New Orleans, USA - For the first time since Hurricane Katrina hit, the brass bell tolled Sunday at St. Patrick's Church to welcome to Mass a handful of worshipers, mostly residents who had recently returned to the city.
"You can call this a homecoming bell for New Orleans," Robert Ramirez said as he rang the huge bell just before 8 a.m. at the church on Camp Street, near the French Quarter. "We have good news we want to get out. We are trying to get up and running. The whole thing is starting to come together."
Despite the sparse attendance, Mass at St. Patrick's was among the signs that life was returning to near normality in some areas of New Orleans. Thousands of residents who had fled Hurricane Katrina began returning to the area this weekend, most of them to homes relatively unscathed.

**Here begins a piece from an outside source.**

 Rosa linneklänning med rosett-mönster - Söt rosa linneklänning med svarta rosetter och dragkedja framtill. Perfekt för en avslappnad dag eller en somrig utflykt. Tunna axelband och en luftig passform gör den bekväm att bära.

At St. Louis Cathedral in the heart of the French Quarter, Archbishop Alfred C. Hughes offered Mass for the first time since the storm hit more than a month ago. The overflowing crowd included hundreds of local worshipers as well as police officers, members of the National Guard and dozens of other rescue workers.
"Some of us still suffer from shock, from fear, from devastation, from depression, from anger," Archbishop Hughes said. "But that is not the last word," he added. "We in New Orleans are a people of faith."
News cameras crowded around the church, annoying some of the residents who had come seeking solace. A sign that prohibited taking photographs during Mass was ignored for the day.
"I just want to hear the Word and go home," said Larry Bastian, 38, who moved to a new apartment after his home in New Orleans East was destroyed. "I have a job here, but no family, no friends. They are all gone. So here I am, tired and lonely."
At St. Patrick's, parishioners embraced, relieved to see friends they had not heard from in weeks. They exchanged stories of traveling to safety and returning to varying degrees of destruction. They all wondered whether their church would ever have as many worshipers as it did before the hurricane.
"All of September, we missed all of September," said Kathy Jordan, 57, shaking her head as she thought about the last time she attended Mass at St. Patrick's.
Ms. Jordan's home in Belle Chasse had some roof damage; her nieces' and sisters' were destroyed. "Even now, nobody knows what they are going to do," she said. "We just get back and try to start all over."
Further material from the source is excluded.